Les conversations téléphoniques de pratiquement tous les hauts responsables visitant la métropole de Chongqing, fief de Bo Xilai dans le sud-ouest du pays, étaient écoutées, a assuré le journal en citant des sources anonymes au sein du Parti communiste.

Mais, un jour, les services du gouvernement central ont détecté une écoute pratiquée sur un appel téléphonique à Chongqing du chef de l'Etat, Hu Jintao. Cette découverte a entraîné une enquête qui a accéléré la mise à l'écart de Bo Xilai, dont le style atypique et flamboyant dérangeait déjà à Pékin.

M. Bo a été limogé de son poste de chef du Parti communiste de la mégalopole de Chongqing en mars, puis suspendu du Politburo. Son épouse, Gu Kailai, est suspectée du meurtre d'un Britannique.

Saga retentissante

La saga Bo Xilai, l'affaire politique la plus retentissante en Chine depuis des décennies, passionne la population chinoise et la conforte dans sa conviction que la nomenklatura du Parti bénéficie de nombreux privilèges, dans un climat d'impunité.

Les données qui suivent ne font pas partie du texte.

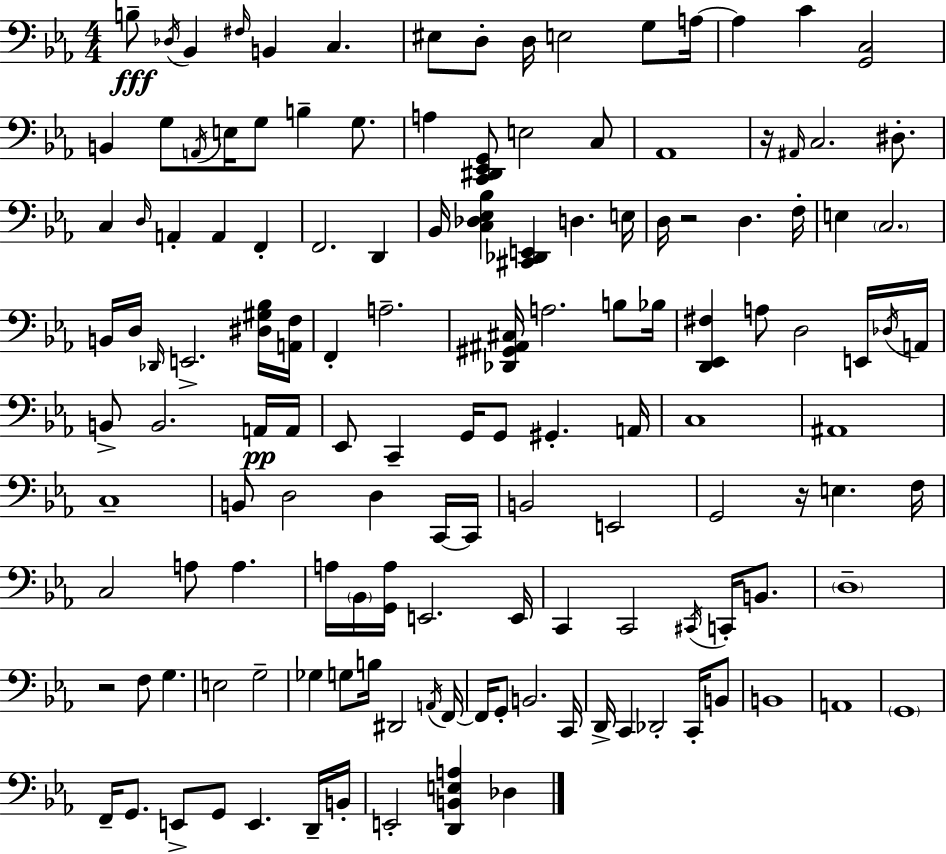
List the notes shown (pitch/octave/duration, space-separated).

B3/e Db3/s Bb2/q F#3/s B2/q C3/q. EIS3/e D3/e D3/s E3/h G3/e A3/s A3/q C4/q [G2,C3]/h B2/q G3/e A2/s E3/s G3/e B3/q G3/e. A3/q [C2,D#2,Eb2,G2]/e E3/h C3/e Ab2/w R/s A#2/s C3/h. D#3/e. C3/q D3/s A2/q A2/q F2/q F2/h. D2/q Bb2/s [C3,Db3,Eb3,Bb3]/q [C#2,Db2,E2]/q D3/q. E3/s D3/s R/h D3/q. F3/s E3/q C3/h. B2/s D3/s Db2/s E2/h. [D#3,G#3,Bb3]/s [A2,F3]/s F2/q A3/h. [Db2,G#2,A#2,C#3]/s A3/h. B3/e Bb3/s [D2,Eb2,F#3]/q A3/e D3/h E2/s Db3/s A2/s B2/e B2/h. A2/s A2/s Eb2/e C2/q G2/s G2/e G#2/q. A2/s C3/w A#2/w C3/w B2/e D3/h D3/q C2/s C2/s B2/h E2/h G2/h R/s E3/q. F3/s C3/h A3/e A3/q. A3/s Bb2/s [G2,A3]/s E2/h. E2/s C2/q C2/h C#2/s C2/s B2/e. D3/w R/h F3/e G3/q. E3/h G3/h Gb3/q G3/e B3/s D#2/h A2/s F2/s F2/s G2/e B2/h. C2/s D2/s C2/q Db2/h C2/s B2/e B2/w A2/w G2/w F2/s G2/e. E2/e G2/e E2/q. D2/s B2/s E2/h [D2,B2,E3,A3]/q Db3/q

Parmi les victimes collatérales de ce scandale au sommet figure aussi Bo Xiyong, frère de Bo Xilai, qui a démissionné de son poste de président-adjoint de China Everbright International, une société faisant partie d'un conglomérat étatique chinois.

Quant à Bo Guagua, le fils de 24 ans de M. Bo, il s'est défendu cette semaine d'avoir profité de faveurs lors de ses études au sein de prestigieux établissements à l'étranger, ainsi que d'avoir conduit une Ferrari en menant une vie dorée de "fils à papa".